最近、CICDのフローをCodePipelineを使ってフロントエンドシステムを構築しました。
構成としては、S3をオリジンに、CloudFrontをフロントに据えた典型的なサーバーレスアーキテクチャです。
さらに、S3のコンテンツはCodeDeployで自動的に更新されるように設定しています。

しかし、ここで1つ問題が発生しました。デプロイのたびにCloudFrontのキャッシュを手動でクリアする必要があるのです。せっかくデプロイを自動化したのに、これでは非効率的ですよね。

そこで今回は、CodePipelineのフロー内でCloudFrontのキャッシュを自動でクリアする方法を試してみたので、その手順を共有します。

Lambda関数の作成

まずはLambda関数を作成しましょう。関数名は「cloudfront_cacheclear」など、わかりやすい名前にすることをおすすめします。

以下がLambda関数のコードです:

import json
import boto3
import os
import time
import random

def unique_string(prefix='cli'):
    return '%s-%s-%s' % (prefix, int(time.time()), random.randint(1, 1000000))

def lambda_handler(event, context):
    # CodePipelineクライアントの作成
    codepipeline = boto3.client('codepipeline')

    try:
        # CloudFront Distribution IDの取得
        distribution_id = os.environ.get('DISTRIBUTION_ID')
        # CloudFrontクライアントの作成
        client = boto3.client('cloudfront')

        # 無効化リクエストを作成
        response = client.create_invalidation(
            DistributionId=distribution_id,
            InvalidationBatch={
                'Paths': {
                    'Quantity': 1,
                    'Items': ['/*']  # 全オブジェクトを無効化
                },
                'CallerReference': unique_string()  # リクエストの一意な識別子
            }
        )

        # レスポンスのログ出力
        print(response)

        # CodePipelineに成功を通知
        codepipeline.put_job_success_result(jobId=event['CodePipeline.job']['id'])

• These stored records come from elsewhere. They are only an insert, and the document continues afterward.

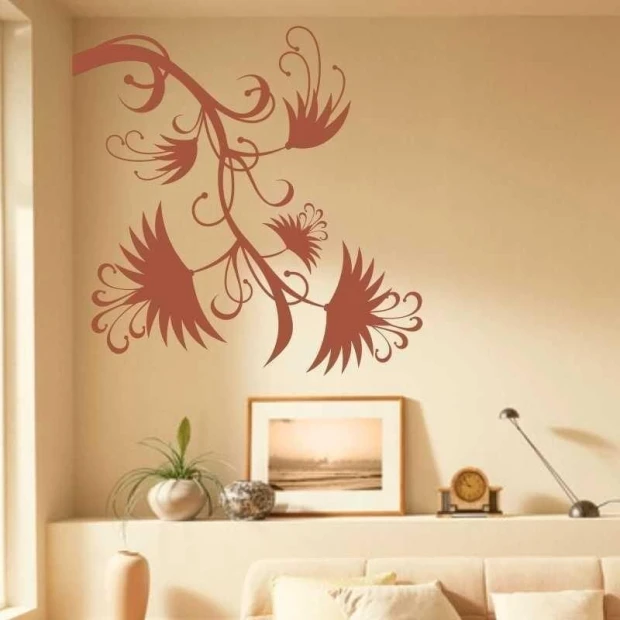 Painting template 03X 16 flower 1804 - Living room arrangement with light walls, minimalist furniture, and natural light.
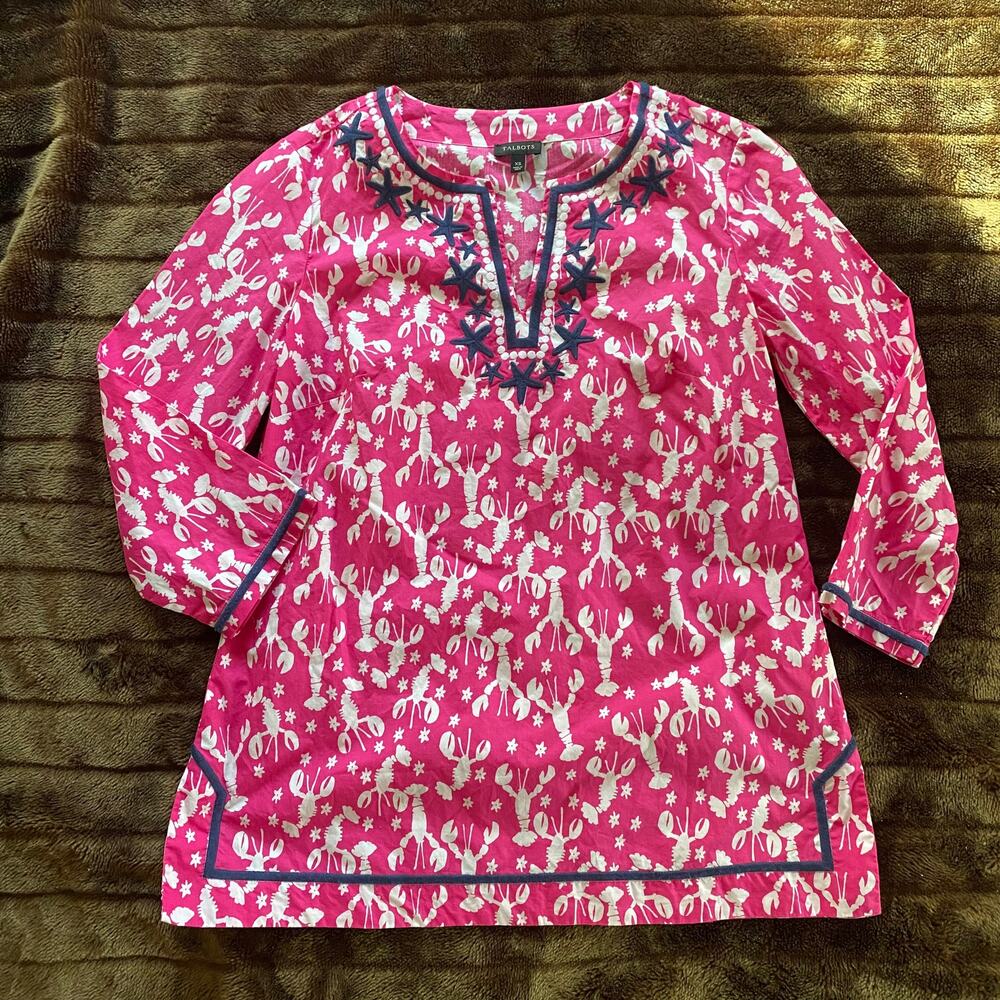 Talbots‎ XS Hot Pink Lobster Print Starfish Embellished 100% Cotton Tunic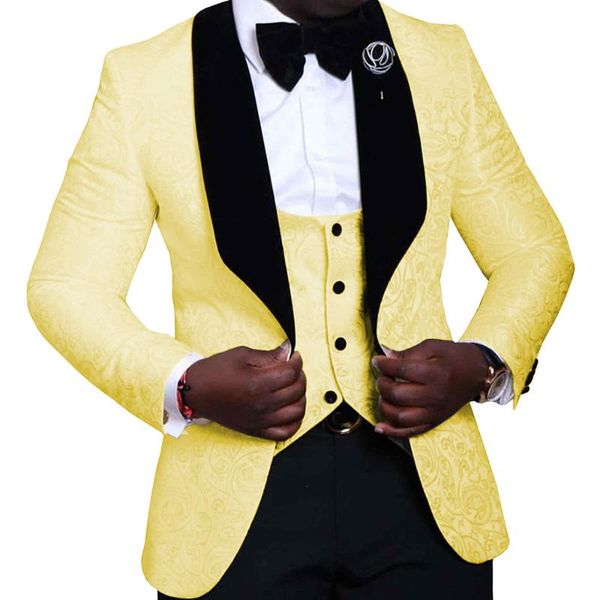 

yellow black shawl lapel wedding suits for mens floral jacquard jacket with pants custom made formal party blazer suit man 2020, White;black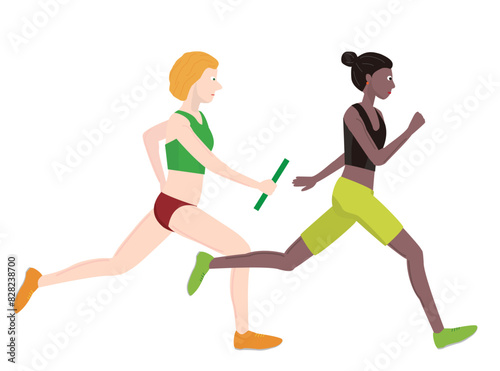 陸上競技の女子のリレー種目のイラスト素材です。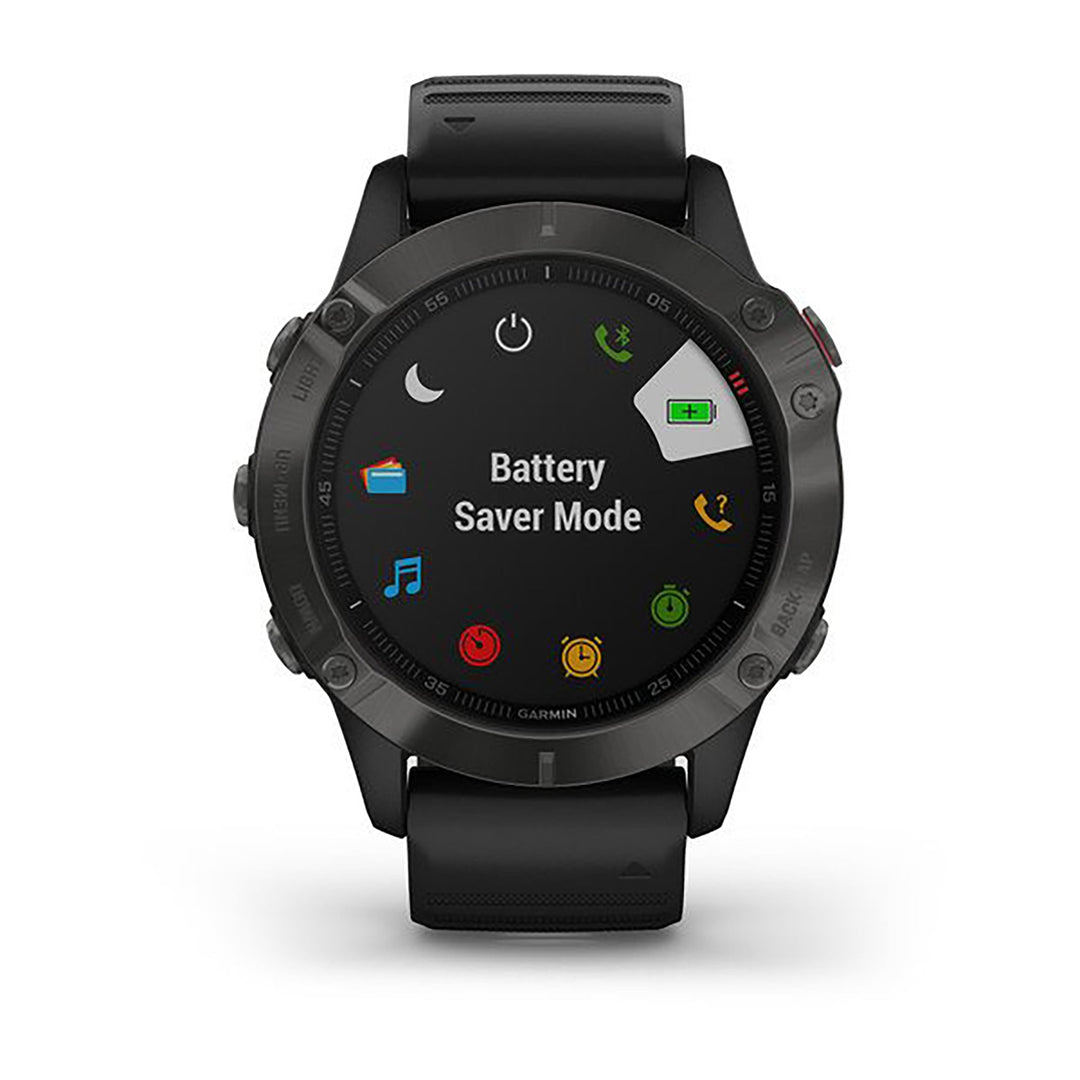 Garmin Fenix 6 Silicone Black Strap Full Color Display Dial Watch - 010-02158-11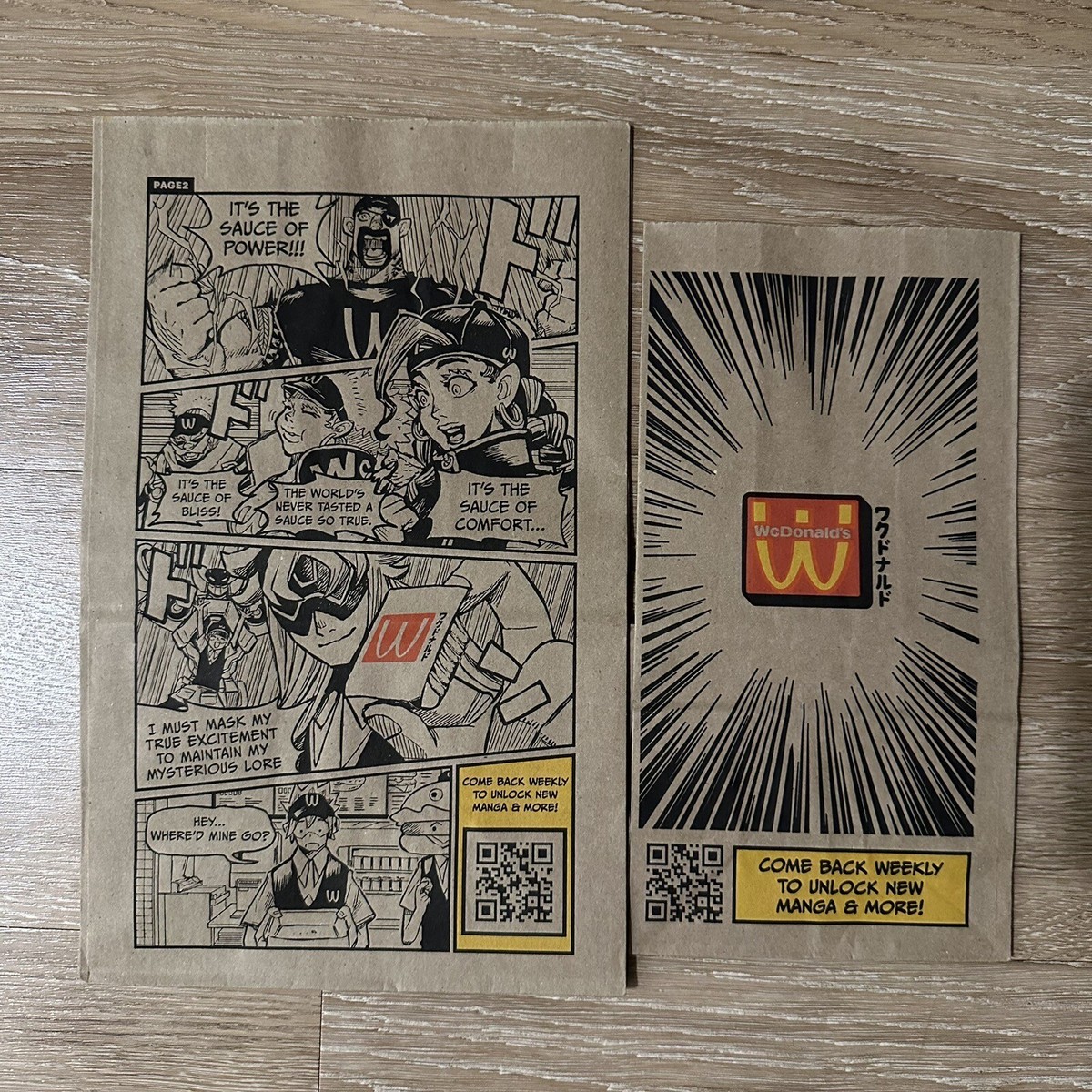 2024 New Authentic McDonald's WcDonald's Anime Paper Bag Manga +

    except Exception as e:
        # エラー時にCodePipelineに失敗を通知
        print(f"Error: {e}")
        codepipeline.put_job_failure_result(
            jobId=event['CodePipeline.job']['id'],
            failureDetails={
                'type': 'JobFailed',
                'message': str(e)
            }
        )

Lambdaに必要なアクセス権の設定

次に、Lambda関数にCloudFrontとCodePipelineへのアクセス権を付与します。キャッシュの削除と、CodePipelineへの処理結果の通知を行うためのポリシーを設定します。IAMポリシーを作成し、Lambdaのロールに作成したポリシーをアタッチしてください。

{
"Version": "2012-10-17",
"Statement": [
{
"Effect": "Allow",
"Action": "cloudfront:CreateInvalidation",
"Resource": "arn:aws:cloudfront::123456789123:distribution/E1XXXXXXXXXXXX"
},
{
"Action": [
"codepipeline:PutJobSuccessResult",
"codepipeline:PutJobFailureResult"
],
"Effect": "Allow",
"Resource": "*"
}
]
}

環境変数の設定

さらに、Lambdaの環境変数に「DISTRIBUTION_ID」を追加し、CloudFrontのディストリビューションIDを設定します(例:E1XXXXXXXXXXXX)。

CodePipelineへの組み込み

次に、CodePipelineにこのLambdaを組み込みます。

CodePipelineを編集モードにし、S3へのデプロイの後に新しいステージを追加します。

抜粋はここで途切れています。